Change tracking vs. change data capture
Change tracking and change data capture (CDC) enable Databricks to track changes in the source tables. Databricks recommends using change tracking for any table that has a primary key to minimize the load on the source database. If change tracking and CDC are both enabled, the SQL Server connector uses change tracking.
Method  | Description  | 
|---|---|
Change tracking  | Captures the fact that rows in a table have changed, but doesn't capture the actual operations. Change tracking does require that a table has a primary key, but it's a lightweight process that doesn't have a large impact on the source database.  | 
Change data capture  | Captures every operation on a table and contains a historical view on the changes made over time. CDC doesn't require that a table have a primary key, but it can have more of an impact on the performance of the source database.  | 
For more information about these options, see Track data changes (SQL Server) in the SQL Server documentation.
Overview of source setup tasks
You must complete the following tasks in SQL Server before you ingest data into Databricks:
- 
Verify that you meet the SQL Server version requirements:
- To use change tracking, you must have SQL Server 2012 or above.

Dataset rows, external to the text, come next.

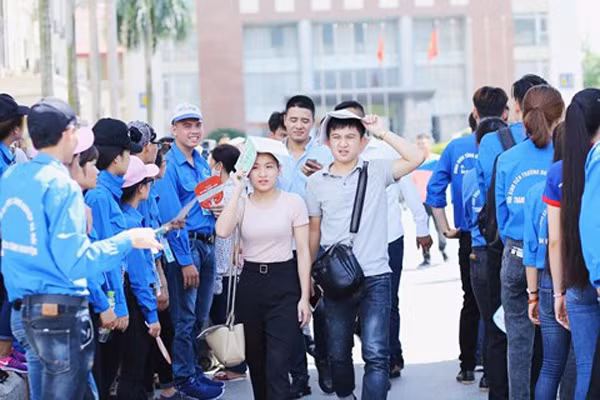 Sáng nay tại Hà Tĩnh, thời tiết nắng nóng gay gắt diện rộng. (Ảnh minh hoạ)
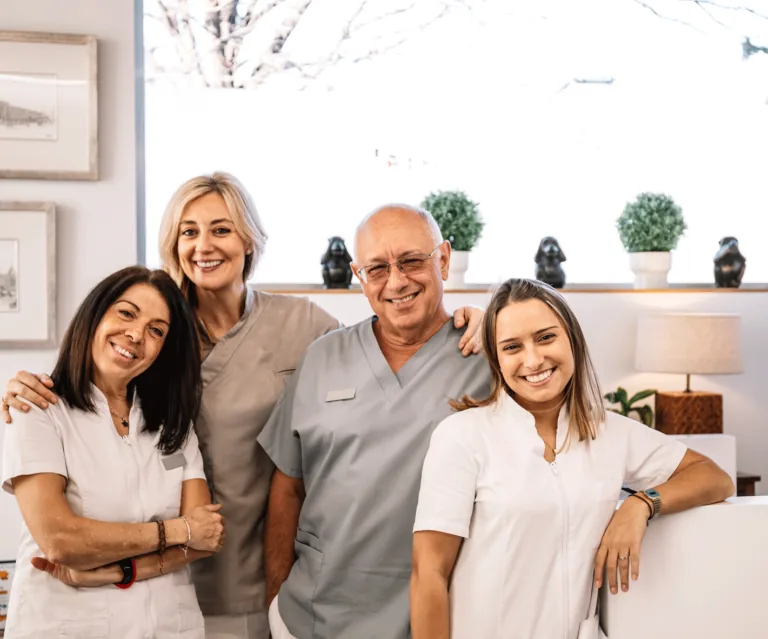 médicos felizes em clínicas médicas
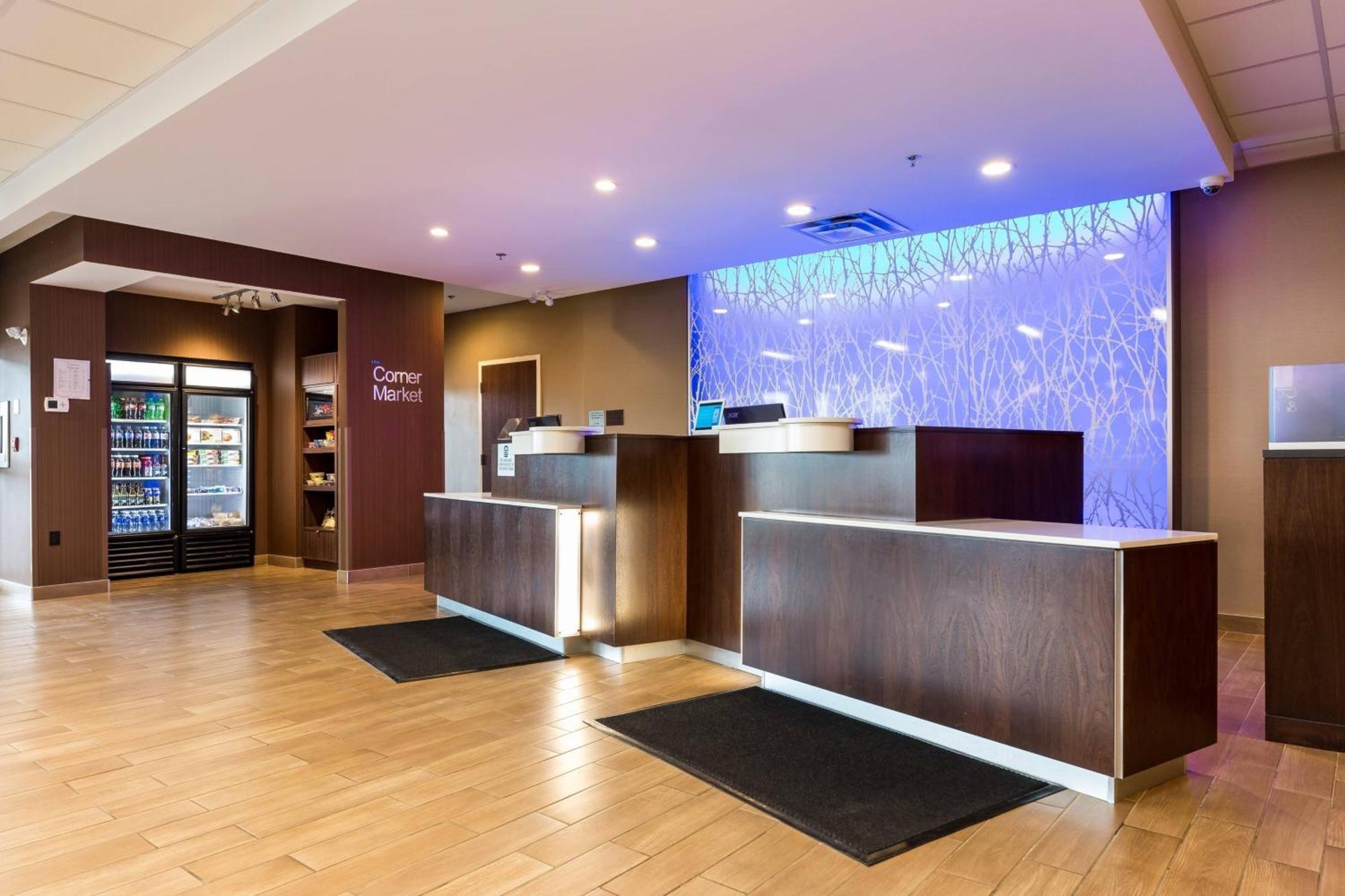 Fairfield Inn & Suites By Marriott Edmonton North Exterior photo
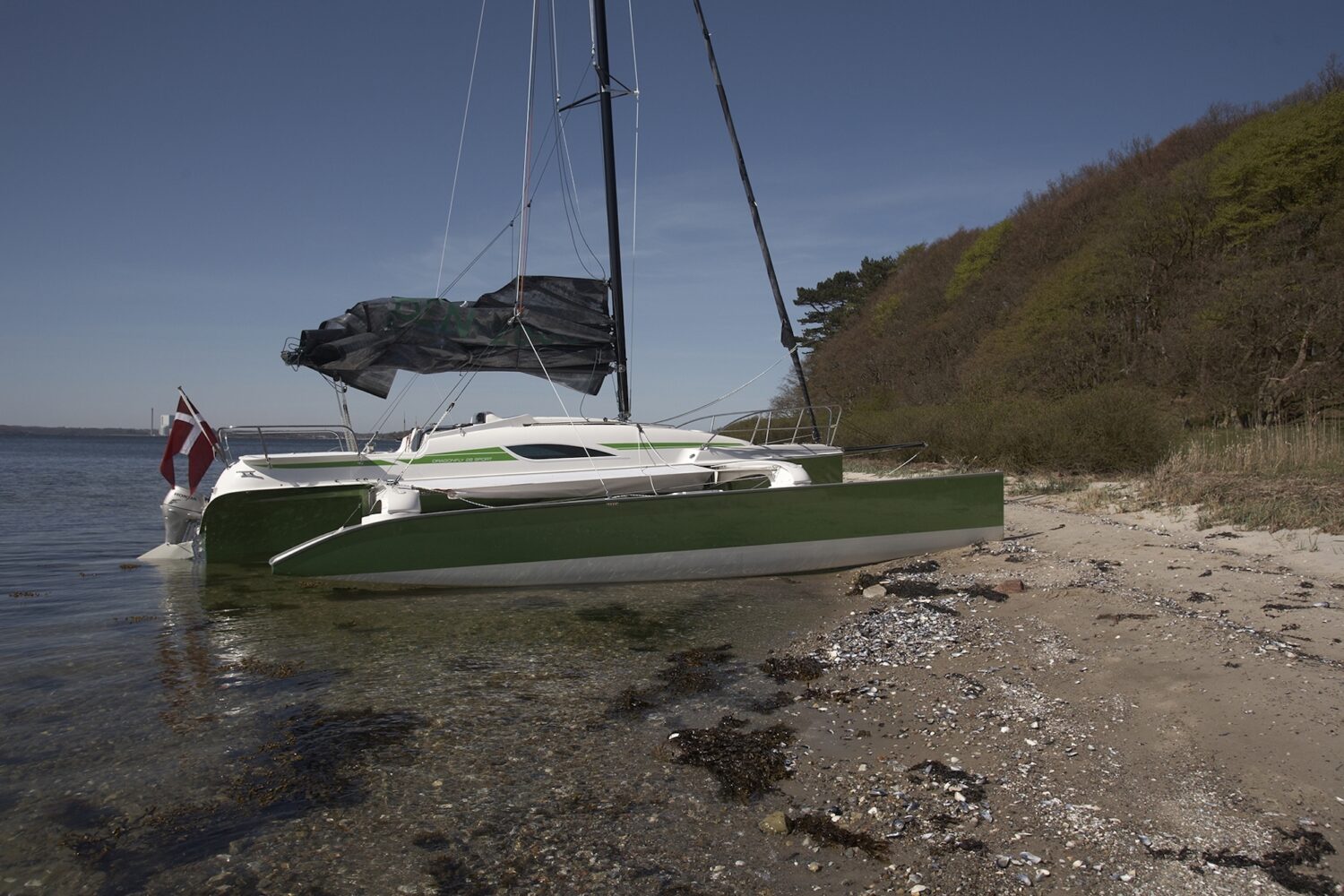Dragonfly 28 - TMG Yachts Previously The Multihull Group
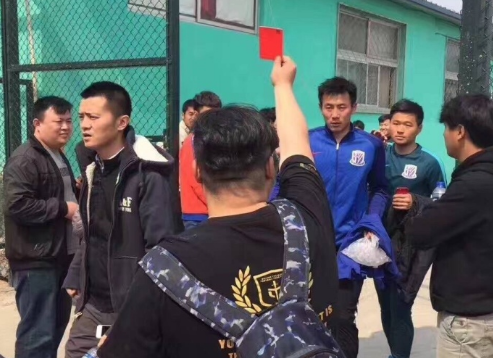 近日，被下放至预备队的申花球员秦升在一场预备队赛后遭球迷举红牌嘲讽，为此，秦升的妻子发微博向指责该球迷的挑衅行为。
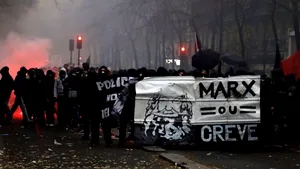 Franţa, paralizată de noi proteste. Transportatorii au blocat drumurile din mai multe regiuni. FOTO, VIDEO
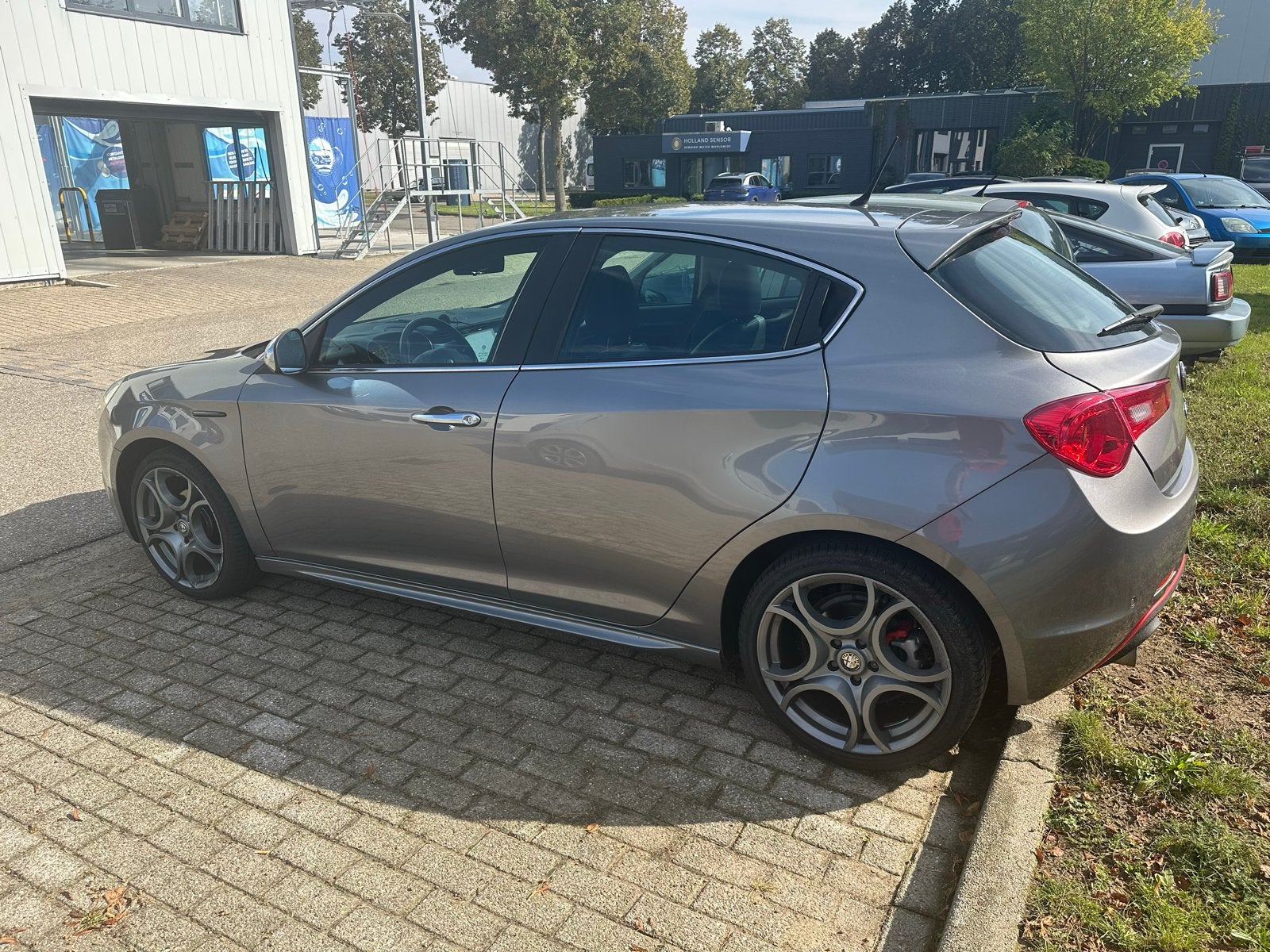 Alfa Romeo Giulietta 1.6 Jtdm 2012 Grijs, Voorwielaandrijving, 4 cilinders, 23 km/l, 140 €/maand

 - To use CDC, you must have SQL Server 2012 service pack 1 (SP1) cumulative update package 3 (CU3) or above. For versions earlier than SQL Server 2016, Enterprise Edition is also required.
 
 - 
Configure firewall settings, if needed.
 - 
Create a database user in SQL Server that is dedicated to Databricks ingestion and meets the privilege requirements.
 - 
Set up the source database, including permission management, change tracking enablement, and CDC enablement. See Prepare SQL Server for ingestion using the utility objects script.